In a change of pace, the titular "X" stands alone. It could stand for several characters or words in this novel set in 1989 in Santa Teresa, CA. There is a drought and landlord Henry Pitts is busy trying to get their water consumption under control. Kinsey has met with a client, Hallie Bettancourt, who wanted her to find the contact information for Christian Satterfield. He's recently been released from prison. Hallie claims he is the son she gave up for adoption at age 15. Kinsey easily finds out the information only to discover, after she's passed it on, that Hallie is not a real person and she's paid for Kinsey's services with marked $100 bills.

At the same time she is trying to help her friend Ruthie Wolinsky go through a box of paperwork/files of her late husband to find some files for the IRS. Pete Wolinsky was also a PI and was shot during a robbery a year ago. Kinsey is sure he was crooked, but she likes Ruthie, so she is trying to help her. While going through the files she discovers a false bottom in the box that contains an envelope addressed to someone else and in the files a sheet of paper written in code. Kinsey inevitably ends up trying to finish/solve the case the Pete was working on before his death, which becomes much more dangerous that she ever would have imagined.

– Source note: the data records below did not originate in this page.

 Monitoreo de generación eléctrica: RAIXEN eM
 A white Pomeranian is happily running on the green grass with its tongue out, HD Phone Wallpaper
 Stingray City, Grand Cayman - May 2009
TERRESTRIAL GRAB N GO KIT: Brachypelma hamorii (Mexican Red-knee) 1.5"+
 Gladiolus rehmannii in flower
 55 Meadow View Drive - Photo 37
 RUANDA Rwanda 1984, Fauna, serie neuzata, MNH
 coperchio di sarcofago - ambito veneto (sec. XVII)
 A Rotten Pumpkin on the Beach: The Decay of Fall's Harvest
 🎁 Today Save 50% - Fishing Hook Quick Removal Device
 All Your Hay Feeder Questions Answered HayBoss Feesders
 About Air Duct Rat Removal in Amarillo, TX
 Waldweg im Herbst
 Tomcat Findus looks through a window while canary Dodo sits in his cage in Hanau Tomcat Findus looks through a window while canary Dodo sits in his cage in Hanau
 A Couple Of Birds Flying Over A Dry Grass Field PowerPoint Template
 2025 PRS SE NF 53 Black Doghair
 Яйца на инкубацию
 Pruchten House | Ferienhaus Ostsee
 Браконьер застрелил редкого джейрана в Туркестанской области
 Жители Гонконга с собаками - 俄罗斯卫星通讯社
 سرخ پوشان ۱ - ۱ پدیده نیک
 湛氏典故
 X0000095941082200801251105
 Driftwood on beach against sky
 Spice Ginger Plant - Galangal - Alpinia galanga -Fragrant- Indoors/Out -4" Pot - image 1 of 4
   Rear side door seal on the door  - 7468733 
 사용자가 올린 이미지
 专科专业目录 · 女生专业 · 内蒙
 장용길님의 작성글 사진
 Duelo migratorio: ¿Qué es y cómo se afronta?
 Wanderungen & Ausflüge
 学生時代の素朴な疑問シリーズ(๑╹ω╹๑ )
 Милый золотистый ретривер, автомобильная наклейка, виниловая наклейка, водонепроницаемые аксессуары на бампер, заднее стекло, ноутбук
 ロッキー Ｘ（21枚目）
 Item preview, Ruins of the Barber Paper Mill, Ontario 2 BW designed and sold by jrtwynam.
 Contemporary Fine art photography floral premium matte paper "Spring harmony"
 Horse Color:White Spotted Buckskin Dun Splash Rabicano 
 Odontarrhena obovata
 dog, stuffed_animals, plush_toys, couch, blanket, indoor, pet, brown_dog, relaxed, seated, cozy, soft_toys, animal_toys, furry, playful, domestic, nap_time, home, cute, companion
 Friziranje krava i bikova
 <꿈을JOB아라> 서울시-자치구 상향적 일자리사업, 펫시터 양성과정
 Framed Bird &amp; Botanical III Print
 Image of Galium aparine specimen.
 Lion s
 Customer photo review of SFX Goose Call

This makes it sound simple, but everything going on in Kinsey's life is always much more complex than the initial situation would suggest.

Sue Grafton is an exceptional writer. Not only does she provide us with another complex plot and several cases to solve, she imbibes the character of Kinsey with wry humor and insight into human behavior. This is a win/win situation: great writing and plot. Now that I have been reminded about how good this series really is, I need to go back and get the (few) letters I missed in the alphabet series.

Disclosure: My Kindle edition was courtesy of Penguin for review purposes.